The starting column doesn't matter:

\begin{verbatim}
>>> assert "Easy!"
>>> import math
>>> math.floor(1.9)
1.0
\end{verbatim}

and as many leading whitespace characters are stripped from the expected
output as appeared in the initial ">>>" line that triggered it.
\end{itemize}

\subsection{Warnings}

\begin{enumerate}

\item Sloppy imports can cause trouble; e.g., if you do

\begin{verbatim}
from XYZ import XYZclass
\end{verbatim}

then \class{XYZclass} is a name in \code{M.__dict__} too, and doctest
has no way to know that \class{XYZclass} wasn't \emph{defined} in
\module{M}.  So it may try to execute the examples in
\class{XYZclass}'s docstring, and those in turn may require a
different set of globals to work correctly.  I prefer to do
``\code{import *}''-friendly imports, a la

\begin{verbatim}
from XYZ import XYZclass as _XYZclass
\end{verbatim}

and then the leading underscore makes \class{_XYZclass} a private name so
testmod skips it by default.  Other approaches are described in
\file{doctest.py}.

\item \module{doctest} is serious about requiring exact matches in expected
  output.  If even a single character doesn't match, the test fails.  This
  will probably surprise you a few times, as you learn exactly what Python
  does and doesn't guarantee about output.  For example, when printing a
  dict, Python doesn't guarantee that the key-value pairs will be printed
  in any particular order, so a test like

% Hey!

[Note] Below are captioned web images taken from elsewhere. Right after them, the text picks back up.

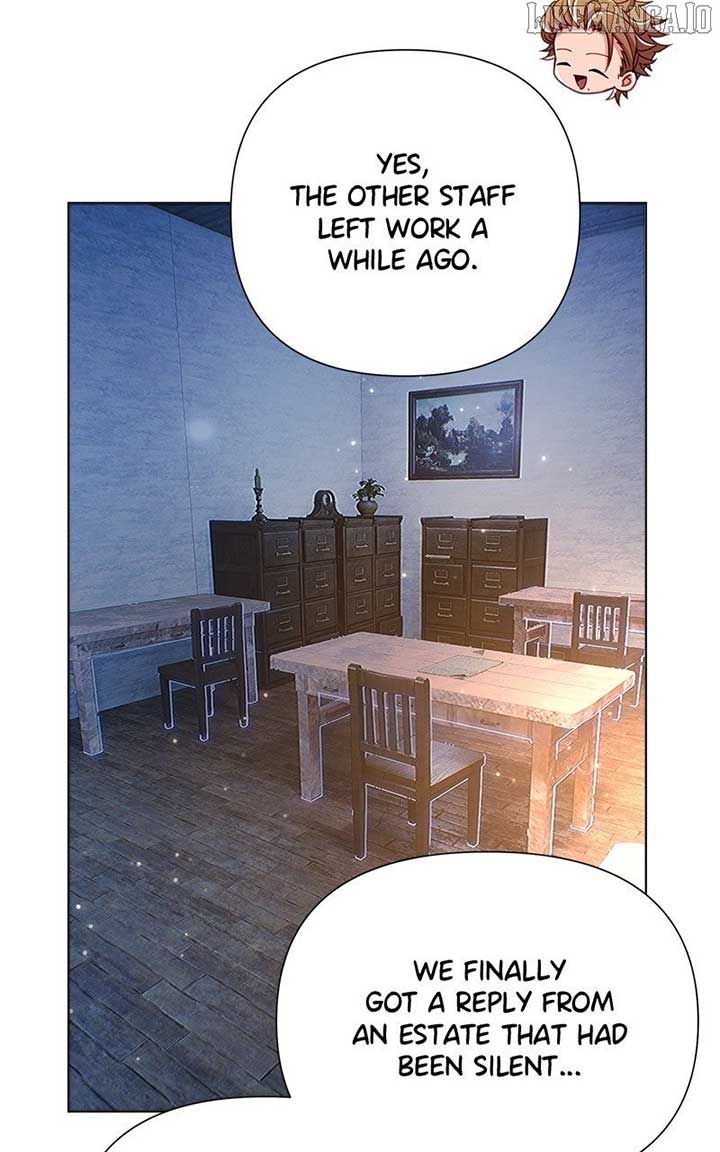 079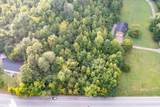 1161 Mountain Creek Road - Photo 3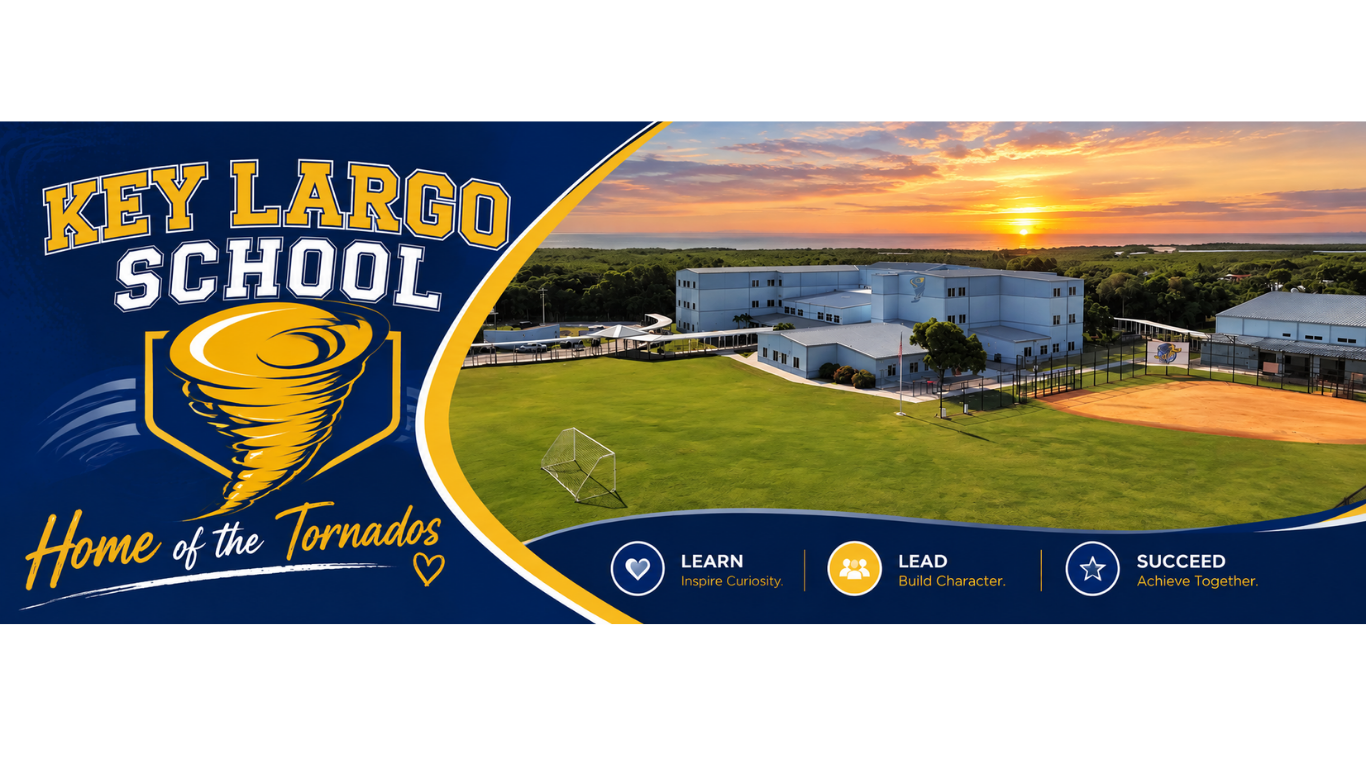 Key Largo School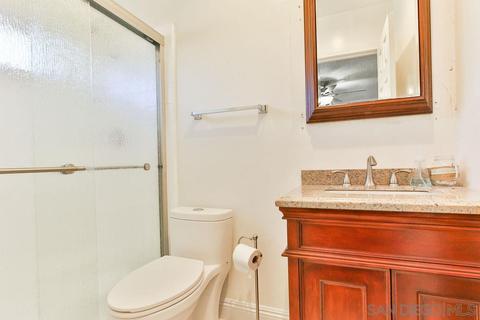 10336 Elmdale Dr, Spring Valley, CA 91977 photo 13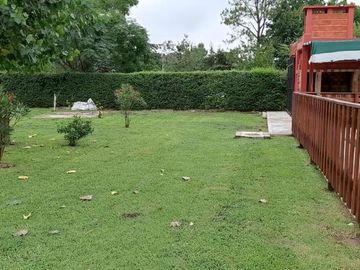 place photo 27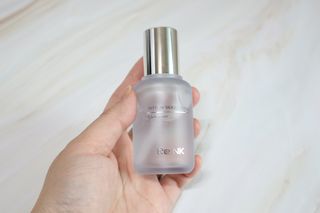 나무80님이 올린 리뷰 사진 4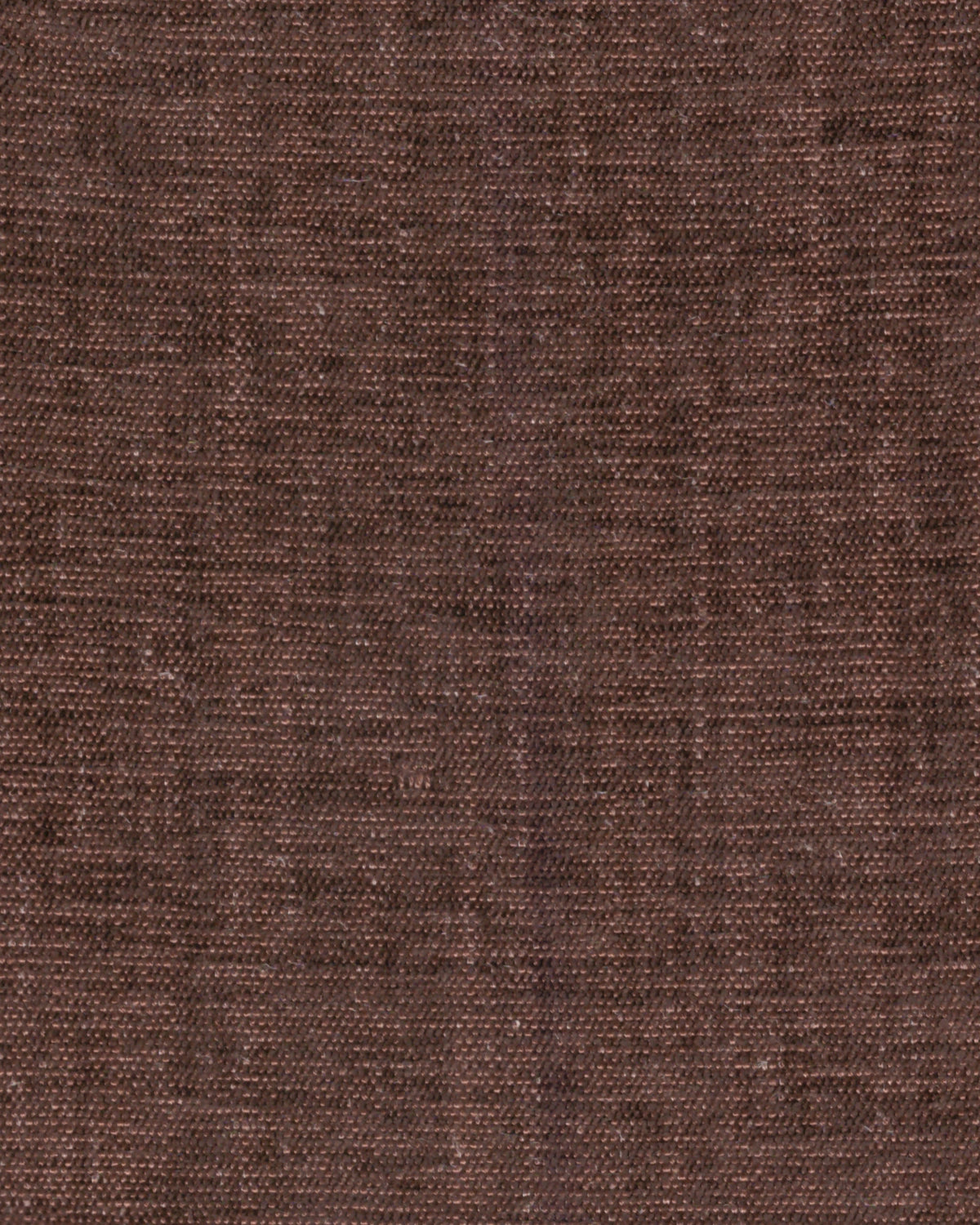 Benz Chestnut Upholstery Fabric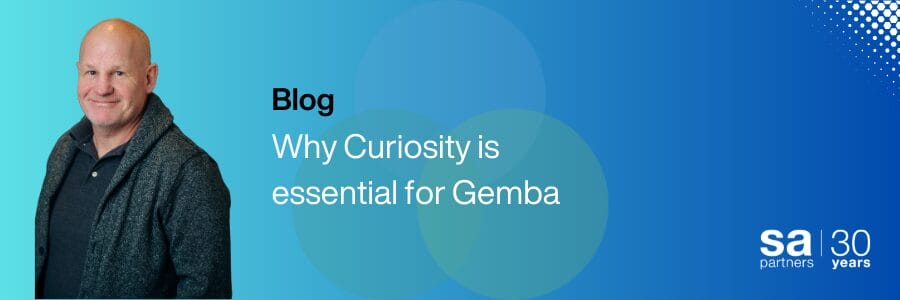 Blog-Why-curiosity-is-essential-for-gemba-website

What happened to Monty Python examples?
\begin{verbatim}
    >>> foo()
    {"Hermione": "hippogryph", "Harry": "broomstick"}
    >>>
\end{verbatim}

is vulnerable!  One workaround is to do

\begin{verbatim}
    >>> foo() == {"Hermione": "hippogryph", "Harry": "broomstick"}
    1
    >>>
\end{verbatim}

instead.  Another is to do

\begin{verbatim}
    >>> d = foo().items()
    >>> d.sort()
    >>> d
    [('Harry', 'broomstick'), ('Hermione', 'hippogryph')]
\end{verbatim}

There are others, but you get the idea.

Another bad idea is to print things that embed an object address, like

\begin{verbatim}
    >>> id(1.0) # certain to fail some of the time
    7948648
    >>>
\end{verbatim}

Floating-point numbers are also subject to small output variations across
platforms, because Python defers to the platform C library for float
formatting, and C libraries vary widely in quality here.

\begin{verbatim}
    >>> 1./7  # risky
    0.14285714285714285
    >>> print 1./7 # safer
    0.142857142857
    >>> print round(1./7, 6) # much safer
    0.142857
\end{verbatim}

Numbers of the form \code{I/2.**J} are safe across all platforms, and I
often contrive doctest examples to produce numbers of that form:

\begin{verbatim}
    >>> 3./4  # utterly safe
    0.75
\end{verbatim}

Simple fractions are also easier for people to understand, and that makes
for better documentation.
\end{enumerate}


\subsection{Soapbox}

The first word in doctest is "doc", and that's why the author wrote
doctest:  to keep documentation up to date.  It so happens that doctest
makes a pleasant unit testing environment, but that's not its primary
purpose.

Choose docstring examples with care.  There's an art to this that needs to
be learned --- it may not be natural at first.  Examples should add genuine
value to the documentation.  A good example can often be worth many words.
If possible, show just a few normal cases, show endcases, show interesting
subtle cases, and show an example of each kind of exception that can be
raised.  You're probably testing for endcases and subtle cases anyway in an
interactive shell:  doctest wants to make it as easy as possible to capture
those sessions, and will verify they continue to work as designed forever
after.

If done with care, the examples will be invaluable for your users, and will
pay back the time it takes to collect them many times over as the years go
by and "things change".  I'm still amazed at how often one of my doctest
examples stops working after a "harmless" change.

For exhaustive testing, or testing boring cases that add no value to the
docs, define a \code{__test__} dict instead.  That's what it's for.